- INSTRUCTIONS TO FOLLOW:
Repeat the entries. Each one must match exactly.

[SOURCE DATA — start]

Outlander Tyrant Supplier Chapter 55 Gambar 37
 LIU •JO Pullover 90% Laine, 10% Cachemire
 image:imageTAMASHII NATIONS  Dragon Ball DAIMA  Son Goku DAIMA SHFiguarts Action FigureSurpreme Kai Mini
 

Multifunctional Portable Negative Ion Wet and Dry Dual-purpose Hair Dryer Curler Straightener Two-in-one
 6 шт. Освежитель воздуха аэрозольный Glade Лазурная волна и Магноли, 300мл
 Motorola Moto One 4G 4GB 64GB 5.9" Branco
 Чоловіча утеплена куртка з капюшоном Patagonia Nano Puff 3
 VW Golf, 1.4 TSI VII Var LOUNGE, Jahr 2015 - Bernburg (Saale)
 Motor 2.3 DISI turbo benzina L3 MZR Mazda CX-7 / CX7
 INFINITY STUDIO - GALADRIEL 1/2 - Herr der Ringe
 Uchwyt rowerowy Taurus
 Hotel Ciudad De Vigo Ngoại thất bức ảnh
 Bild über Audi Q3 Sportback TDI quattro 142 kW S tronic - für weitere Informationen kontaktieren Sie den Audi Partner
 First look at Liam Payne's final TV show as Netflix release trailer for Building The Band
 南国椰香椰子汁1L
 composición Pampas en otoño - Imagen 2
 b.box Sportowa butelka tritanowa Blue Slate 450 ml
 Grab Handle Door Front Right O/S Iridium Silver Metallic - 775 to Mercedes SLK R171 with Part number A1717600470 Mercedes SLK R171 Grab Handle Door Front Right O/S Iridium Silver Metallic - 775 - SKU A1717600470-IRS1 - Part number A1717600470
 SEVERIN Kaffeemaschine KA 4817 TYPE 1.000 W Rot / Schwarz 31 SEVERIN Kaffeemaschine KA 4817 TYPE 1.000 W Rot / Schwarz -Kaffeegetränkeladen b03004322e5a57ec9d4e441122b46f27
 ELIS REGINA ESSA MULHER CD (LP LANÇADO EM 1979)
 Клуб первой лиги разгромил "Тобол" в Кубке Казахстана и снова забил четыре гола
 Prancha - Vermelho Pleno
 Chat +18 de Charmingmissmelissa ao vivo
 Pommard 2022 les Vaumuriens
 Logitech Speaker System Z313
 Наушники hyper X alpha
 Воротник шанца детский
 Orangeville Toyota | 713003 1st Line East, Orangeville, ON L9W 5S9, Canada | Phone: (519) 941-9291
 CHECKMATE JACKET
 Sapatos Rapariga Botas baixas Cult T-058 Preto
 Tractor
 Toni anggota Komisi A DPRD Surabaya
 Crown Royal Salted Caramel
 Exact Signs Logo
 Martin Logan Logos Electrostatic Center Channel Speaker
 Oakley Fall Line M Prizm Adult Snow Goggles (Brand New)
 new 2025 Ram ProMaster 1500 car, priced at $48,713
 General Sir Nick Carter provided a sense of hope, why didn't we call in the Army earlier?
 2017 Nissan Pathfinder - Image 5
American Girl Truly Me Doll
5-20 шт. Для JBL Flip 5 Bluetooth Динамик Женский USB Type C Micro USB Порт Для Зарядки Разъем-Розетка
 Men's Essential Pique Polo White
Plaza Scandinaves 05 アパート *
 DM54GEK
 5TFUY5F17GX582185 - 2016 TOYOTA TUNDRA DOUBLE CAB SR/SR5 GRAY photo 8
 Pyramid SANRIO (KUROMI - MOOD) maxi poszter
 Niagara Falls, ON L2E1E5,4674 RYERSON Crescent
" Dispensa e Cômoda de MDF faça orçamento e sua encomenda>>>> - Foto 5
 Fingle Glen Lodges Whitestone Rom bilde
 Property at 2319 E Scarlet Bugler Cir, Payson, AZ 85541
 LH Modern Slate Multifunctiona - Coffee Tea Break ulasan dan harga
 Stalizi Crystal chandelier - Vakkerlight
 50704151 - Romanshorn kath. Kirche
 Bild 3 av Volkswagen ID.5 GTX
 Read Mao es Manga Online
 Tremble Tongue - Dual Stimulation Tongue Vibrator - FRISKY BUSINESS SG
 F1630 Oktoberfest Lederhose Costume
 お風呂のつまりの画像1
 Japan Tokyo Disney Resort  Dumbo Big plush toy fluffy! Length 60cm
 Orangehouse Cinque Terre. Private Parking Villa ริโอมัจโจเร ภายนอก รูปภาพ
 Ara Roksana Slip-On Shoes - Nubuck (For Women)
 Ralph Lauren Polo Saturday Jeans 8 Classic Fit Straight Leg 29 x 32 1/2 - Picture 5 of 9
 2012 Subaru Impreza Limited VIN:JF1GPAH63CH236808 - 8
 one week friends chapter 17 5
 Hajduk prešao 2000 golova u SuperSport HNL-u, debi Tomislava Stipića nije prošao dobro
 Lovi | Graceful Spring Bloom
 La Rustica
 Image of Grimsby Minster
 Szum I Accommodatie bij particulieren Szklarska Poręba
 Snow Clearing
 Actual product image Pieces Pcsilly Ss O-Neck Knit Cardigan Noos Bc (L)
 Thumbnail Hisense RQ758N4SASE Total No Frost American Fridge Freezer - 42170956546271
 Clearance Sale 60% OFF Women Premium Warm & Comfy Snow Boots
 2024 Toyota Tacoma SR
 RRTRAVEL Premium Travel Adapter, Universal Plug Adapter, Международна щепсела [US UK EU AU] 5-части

[SOURCE DATA — finish]

- PROBLEM SOLUTION:
Outlander Tyrant Supplier Chapter 55 Gambar 37
 LIU •JO Pullover 90% Laine, 10% Cachemire
 image:imageTAMASHII NATIONS  Dragon Ball DAIMA  Son Goku DAIMA SHFiguarts Action FigureSurpreme Kai Mini
 

Multifunctional Portable Negative Ion Wet and Dry Dual-purpose Hair Dryer Curler Straightener Two-in-one
 6 шт. Освежитель воздуха аэрозольный Glade Лазурная волна и Магноли, 300мл
 Motorola Moto One 4G 4GB 64GB 5.9" Branco
 Чоловіча утеплена куртка з капюшоном Patagonia Nano Puff 3
 VW Golf, 1.4 TSI VII Var LOUNGE, Jahr 2015 - Bernburg (Saale)
 Motor 2.3 DISI turbo benzina L3 MZR Mazda CX-7 / CX7
 INFINITY STUDIO - GALADRIEL 1/2 - Herr der Ringe
 Uchwyt rowerowy Taurus
 Hotel Ciudad De Vigo Ngoại thất bức ảnh
 Bild über Audi Q3 Sportback TDI quattro 142 kW S tronic - für weitere Informationen kontaktieren Sie den Audi Partner
 First look at Liam Payne's final TV show as Netflix release trailer for Building The Band
 南国椰香椰子汁1L
 composición Pampas en otoño - Imagen 2
 b.box Sportowa butelka tritanowa Blue Slate 450 ml
 Grab Handle Door Front Right O/S Iridium Silver Metallic - 775 to Mercedes SLK R171 with Part number A1717600470 Mercedes SLK R171 Grab Handle Door Front Right O/S Iridium Silver Metallic - 775 - SKU A1717600470-IRS1 - Part number A1717600470
 SEVERIN Kaffeemaschine KA 4817 TYPE 1.000 W Rot / Schwarz 31 SEVERIN Kaffeemaschine KA 4817 TYPE 1.000 W Rot / Schwarz -Kaffeegetränkeladen b03004322e5a57ec9d4e441122b46f27
 ELIS REGINA ESSA MULHER CD (LP LANÇADO EM 1979)
 Клуб первой лиги разгромил "Тобол" в Кубке Казахстана и снова забил четыре гола
 Prancha - Vermelho Pleno
 Chat +18 de Charmingmissmelissa ao vivo
 Pommard 2022 les Vaumuriens
 Logitech Speaker System Z313
 Наушники hyper X alpha
 Воротник шанца детский
 Orangeville Toyota | 713003 1st Line East, Orangeville, ON L9W 5S9, Canada | Phone: (519) 941-9291
 CHECKMATE JACKET
 Sapatos Rapariga Botas baixas Cult T-058 Preto
 Tractor
 Toni anggota Komisi A DPRD Surabaya
 Crown Royal Salted Caramel
 Exact Signs Logo
 Martin Logan Logos Electrostatic Center Channel Speaker
 Oakley Fall Line M Prizm Adult Snow Goggles (Brand New)
 new 2025 Ram ProMaster 1500 car, priced at $48,713
 General Sir Nick Carter provided a sense of hope, why didn't we call in the Army earlier?
 2017 Nissan Pathfinder - Image 5
American Girl Truly Me Doll
5-20 шт. Для JBL Flip 5 Bluetooth Динамик Женский USB Type C Micro USB Порт Для Зарядки Разъем-Розетка
 Men's Essential Pique Polo White
Plaza Scandinaves 05 アパート *
 DM54GEK
 5TFUY5F17GX582185 - 2016 TOYOTA TUNDRA DOUBLE CAB SR/SR5 GRAY photo 8
 Pyramid SANRIO (KUROMI - MOOD) maxi poszter
 Niagara Falls, ON L2E1E5,4674 RYERSON Crescent
" Dispensa e Cômoda de MDF faça orçamento e sua encomenda>>>> - Foto 5
 Fingle Glen Lodges Whitestone Rom bilde
 Property at 2319 E Scarlet Bugler Cir, Payson, AZ 85541
 LH Modern Slate Multifunctiona - Coffee Tea Break ulasan dan harga
 Stalizi Crystal chandelier - Vakkerlight
 50704151 - Romanshorn kath. Kirche
 Bild 3 av Volkswagen ID.5 GTX
 Read Mao es Manga Online
 Tremble Tongue - Dual Stimulation Tongue Vibrator - FRISKY BUSINESS SG
 F1630 Oktoberfest Lederhose Costume
 お風呂のつまりの画像1
 Japan Tokyo Disney Resort  Dumbo Big plush toy fluffy! Length 60cm
 Orangehouse Cinque Terre. Private Parking Villa ริโอมัจโจเร ภายนอก รูปภาพ
 Ara Roksana Slip-On Shoes - Nubuck (For Women)
 Ralph Lauren Polo Saturday Jeans 8 Classic Fit Straight Leg 29 x 32 1/2 - Picture 5 of 9
 2012 Subaru Impreza Limited VIN:JF1GPAH63CH236808 - 8
 one week friends chapter 17 5
 Hajduk prešao 2000 golova u SuperSport HNL-u, debi Tomislava Stipića nije prošao dobro
 Lovi | Graceful Spring Bloom
 La Rustica
 Image of Grimsby Minster
 Szum I Accommodatie bij particulieren Szklarska Poręba
 Snow Clearing
 Actual product image Pieces Pcsilly Ss O-Neck Knit Cardigan Noos Bc (L)
 Thumbnail Hisense RQ758N4SASE Total No Frost American Fridge Freezer - 42170956546271
 Clearance Sale 60% OFF Women Premium Warm & Comfy Snow Boots
 2024 Toyota Tacoma SR
 RRTRAVEL Premium Travel Adapter, Universal Plug Adapter, Международна щепсела [US UK EU AU] 5-части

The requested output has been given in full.